- _Instructions for the task_: In the records below, find the line containing "AMD Phenom II". Restate it and all the lines after it exactly, and omit the rest.

- _Provided material_:
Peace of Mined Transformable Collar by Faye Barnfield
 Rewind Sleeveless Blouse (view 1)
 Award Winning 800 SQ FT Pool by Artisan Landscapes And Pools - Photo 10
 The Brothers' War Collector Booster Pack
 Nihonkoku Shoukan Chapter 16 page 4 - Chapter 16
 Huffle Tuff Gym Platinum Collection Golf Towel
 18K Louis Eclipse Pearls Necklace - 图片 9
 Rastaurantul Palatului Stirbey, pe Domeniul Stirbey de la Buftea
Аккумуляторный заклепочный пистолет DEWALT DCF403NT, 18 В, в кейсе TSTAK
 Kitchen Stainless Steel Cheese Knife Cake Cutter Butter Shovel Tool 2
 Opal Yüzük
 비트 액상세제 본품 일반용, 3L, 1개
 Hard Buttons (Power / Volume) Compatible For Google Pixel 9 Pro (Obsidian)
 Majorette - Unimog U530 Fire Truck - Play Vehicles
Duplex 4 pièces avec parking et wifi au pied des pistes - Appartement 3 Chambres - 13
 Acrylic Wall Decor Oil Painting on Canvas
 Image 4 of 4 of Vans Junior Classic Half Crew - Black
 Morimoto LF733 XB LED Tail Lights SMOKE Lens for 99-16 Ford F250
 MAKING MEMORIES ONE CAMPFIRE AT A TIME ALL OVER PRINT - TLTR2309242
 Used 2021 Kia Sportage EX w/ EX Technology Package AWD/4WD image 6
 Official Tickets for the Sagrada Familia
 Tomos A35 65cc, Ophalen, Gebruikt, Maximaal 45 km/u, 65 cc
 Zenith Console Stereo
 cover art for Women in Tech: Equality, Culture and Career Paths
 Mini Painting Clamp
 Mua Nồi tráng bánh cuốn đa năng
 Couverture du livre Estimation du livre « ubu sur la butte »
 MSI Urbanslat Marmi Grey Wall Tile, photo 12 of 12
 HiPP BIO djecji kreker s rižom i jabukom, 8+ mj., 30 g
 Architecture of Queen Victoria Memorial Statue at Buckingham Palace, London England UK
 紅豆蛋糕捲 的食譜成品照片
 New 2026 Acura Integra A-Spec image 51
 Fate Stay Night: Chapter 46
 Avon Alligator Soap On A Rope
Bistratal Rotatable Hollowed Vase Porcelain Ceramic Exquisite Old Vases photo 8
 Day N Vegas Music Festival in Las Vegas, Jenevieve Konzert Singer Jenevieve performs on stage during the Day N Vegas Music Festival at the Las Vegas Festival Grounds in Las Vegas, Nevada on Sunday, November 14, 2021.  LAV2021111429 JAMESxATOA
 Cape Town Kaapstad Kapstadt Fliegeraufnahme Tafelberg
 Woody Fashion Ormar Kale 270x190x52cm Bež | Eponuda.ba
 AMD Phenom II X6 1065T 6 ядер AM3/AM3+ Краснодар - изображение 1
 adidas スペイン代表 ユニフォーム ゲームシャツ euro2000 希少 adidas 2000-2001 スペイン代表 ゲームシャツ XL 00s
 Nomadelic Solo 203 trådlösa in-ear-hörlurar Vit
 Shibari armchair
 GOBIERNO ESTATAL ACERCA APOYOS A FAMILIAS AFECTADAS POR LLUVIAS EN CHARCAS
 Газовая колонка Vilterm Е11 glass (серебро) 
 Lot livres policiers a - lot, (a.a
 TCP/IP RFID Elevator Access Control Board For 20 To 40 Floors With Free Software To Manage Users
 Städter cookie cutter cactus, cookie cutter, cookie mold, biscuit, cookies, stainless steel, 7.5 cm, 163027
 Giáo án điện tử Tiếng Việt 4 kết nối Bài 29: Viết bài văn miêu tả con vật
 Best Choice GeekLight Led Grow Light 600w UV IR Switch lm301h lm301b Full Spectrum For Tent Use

- _Written response_:
 AMD Phenom II X6 1065T 6 ядер AM3/AM3+ Краснодар - изображение 1
 adidas スペイン代表 ユニフォーム ゲームシャツ euro2000 希少 adidas 2000-2001 スペイン代表 ゲームシャツ XL 00s
 Nomadelic Solo 203 trådlösa in-ear-hörlurar Vit
 Shibari armchair
 GOBIERNO ESTATAL ACERCA APOYOS A FAMILIAS AFECTADAS POR LLUVIAS EN CHARCAS
 Газовая колонка Vilterm Е11 glass (серебро) 
 Lot livres policiers a - lot, (a.a
 TCP/IP RFID Elevator Access Control Board For 20 To 40 Floors With Free Software To Manage Users
 Städter cookie cutter cactus, cookie cutter, cookie mold, biscuit, cookies, stainless steel, 7.5 cm, 163027
 Giáo án điện tử Tiếng Việt 4 kết nối Bài 29: Viết bài văn miêu tả con vật
 Best Choice GeekLight Led Grow Light 600w UV IR Switch lm301h lm301b Full Spectrum For Tent Use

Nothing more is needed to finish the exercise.